“We are examining the facts to see if there were criminal violations,” Holder said at a news conference.
Also Tuesday, a widely anticipated report by the IRS’s watchdog described the agency’s tax-exempt unit — where the screening of conservative groups occurred — as a bureaucratic mess, with some employees ignorant about tax laws, defiant of their supervisors and blind to the appearance of impropriety.
The report by the Treasury Inspector General for Tax Administration described in detail the use of “inappropriate criteria” to screen political advocacy groups. An IRS unit created a “lookout” list for organizations with keywords such as “tea party” or “patriot” in their names. Organizations faced months of delays in getting their applications approved.

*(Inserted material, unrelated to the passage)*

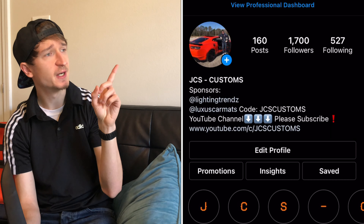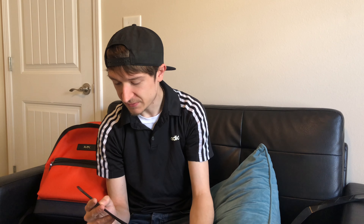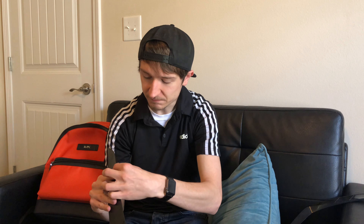I actually put a post on Instagram to try to get some opinions on there. As you can see up here, I got a few opinions, and pretty much every opinion was saying do it. So I think we're gonna do it — although I noticed this one's a little scraped up.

President Obama in a statement on Tuesday called the report’s findings “intolerable and inexcusable,” adding that he has directed Treasury Secretary Jack Lew “to hold those responsible for these failures accountable, and to make sure that each of the Inspector General’s recommendations are implemented quickly, so that such conduct never happens again.”
IRS officials told the inspector general that they had used the keywords as shorthand to efficiently manage a deluge of new political advocacy groups, but that explanation was rejected by the inspector general’s office.
“Developing and using criteria that focuses on organization names and policy positions instead of the activities . . . does not promote public confidence that tax-exempt laws are being adhered to impartially,” said the report, which Inspector General J. Russell George issued.
The report did not find evidence that the actions were motivated by partisan interests. IRS officials told investigators they did not consult anyone outside the agency about the screening.
The watchdog report is likely to stoke growing outrage over the agency’s actions. No IRS employees involved in the decisions have been disciplined, and one has been promoted, said House Oversight and Government Reform Committee Chairman Darrell Issa (R-Calif.), whose panel prompted the audit.
“We still do not know why the targeting began, how extensive it was, who initiated it and who knew about it,” said Rep. Jim Jordan (R-Ohio), a member of the oversight committee. “The IRS must be held accountable to the American people, which requires a full investigation.”
In a written response attached to the watchdog report, Joseph Grant, acting commissioner of tax-exempt and government entities at the IRS, conceded that “some errors occurred” but pledged that “significant improvements in this area are in place and we are confident that what transpired here will not recur.”